- Exercise aim -
Copy every record below exactly, leaving out any pictures.

Records from a collection:
+ + + + + + +

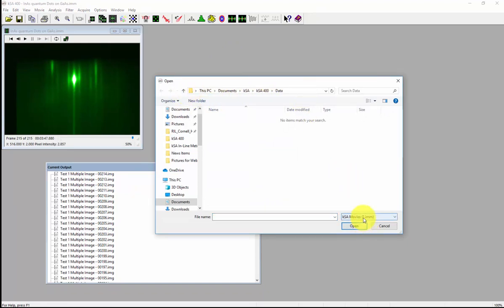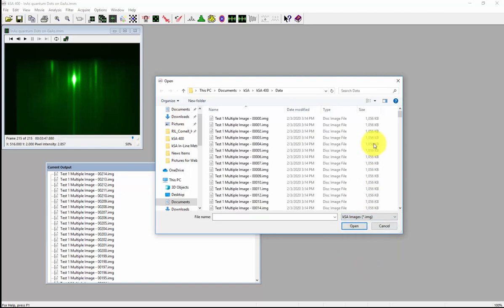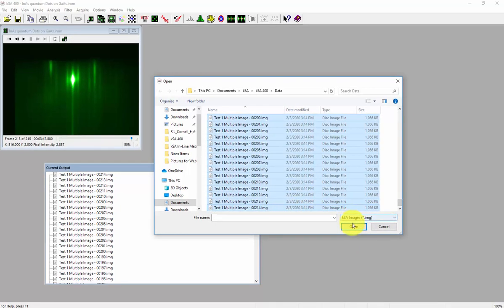Choose file type .img, select the files that you want to export, and click open.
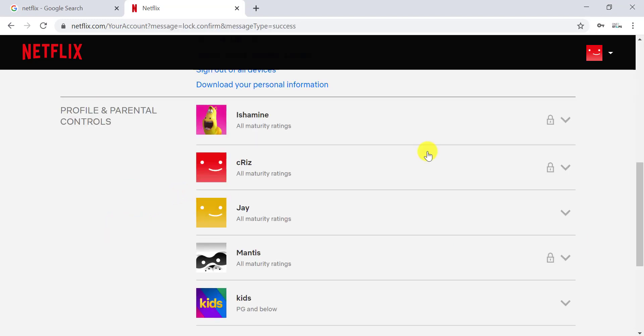This is how you lock your Netflix profile. Thank you for watching this video. I hope this video was helpful to you, and please don't forget to subscribe to my channel for other tutorials.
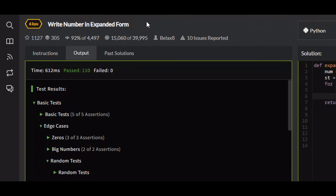So that's going to be a quick video on the write number in expanded form problem on Code Wars. It was more of a simple problem, but I hope that you learned something, and if you did, I would appreciate it if you liked, commented, and subscribed, and I will see you guys in future tutorials.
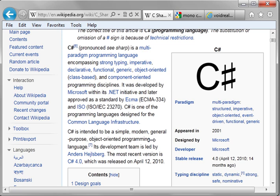.NET is language agnostic, meaning it doesn't matter what language you use. You can use Visual Basic, you can use C-Sharp, C++, it doesn't matter. So why learn C-Sharp? I mean, there's all these other languages, why even bother learning it?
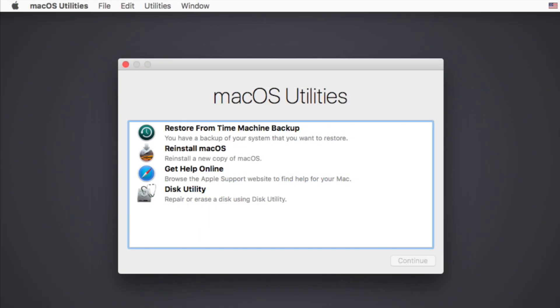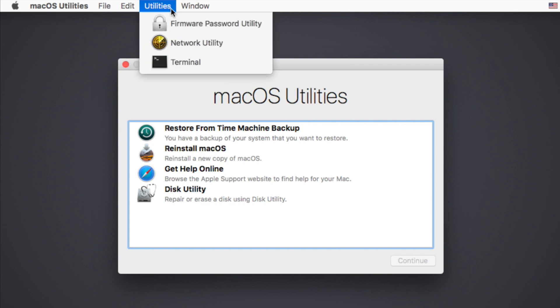Firstly, go to reboot the Mac and press Command plus R key simultaneously after you hear the startup chime. Then you'll boot into recovery mode. You'll get the utilities window. You need to press the Utilities menu at the top of the window and choose Terminal option from the drop-down box.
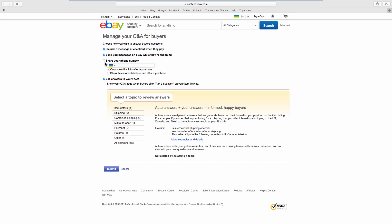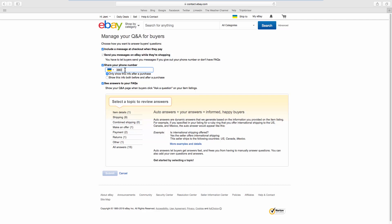Check Share Your Phone Number. Add your phone number. Choose when you want your buyers to see the phone number.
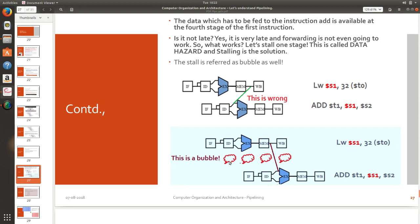So what will we need to do is we need to stall the process for some time. One stage we need to stall that is called bubbling. Once I stall I will get time so that I can push it forward. Now you can see that this pushing has happened here. It should not go in the backward direction. This is called as a bubble.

+ + + + + + +

- Task output -
Choose file type .img, select the files that you want to export, and click open.
This is how you lock your Netflix profile. Thank you for watching this video. I hope this video was helpful to you, and please don't forget to subscribe to my channel for other tutorials.
So that's going to be a quick video on the write number in expanded form problem on Code Wars. It was more of a simple problem, but I hope that you learned something, and if you did, I would appreciate it if you liked, commented, and subscribed, and I will see you guys in future tutorials.
.NET is language agnostic, meaning it doesn't matter what language you use. You can use Visual Basic, you can use C-Sharp, C++, it doesn't matter. So why learn C-Sharp? I mean, there's all these other languages, why even bother learning it?
Firstly, go to reboot the Mac and press Command plus R key simultaneously after you hear the startup chime. Then you'll boot into recovery mode. You'll get the utilities window. You need to press the Utilities menu at the top of the window and choose Terminal option from the drop-down box.
Check Share Your Phone Number. Add your phone number. Choose when you want your buyers to see the phone number.
So what will we need to do is we need to stall the process for some time. One stage we need to stall that is called bubbling. Once I stall I will get time so that I can push it forward. Now you can see that this pushing has happened here. It should not go in the backward direction. This is called as a bubble.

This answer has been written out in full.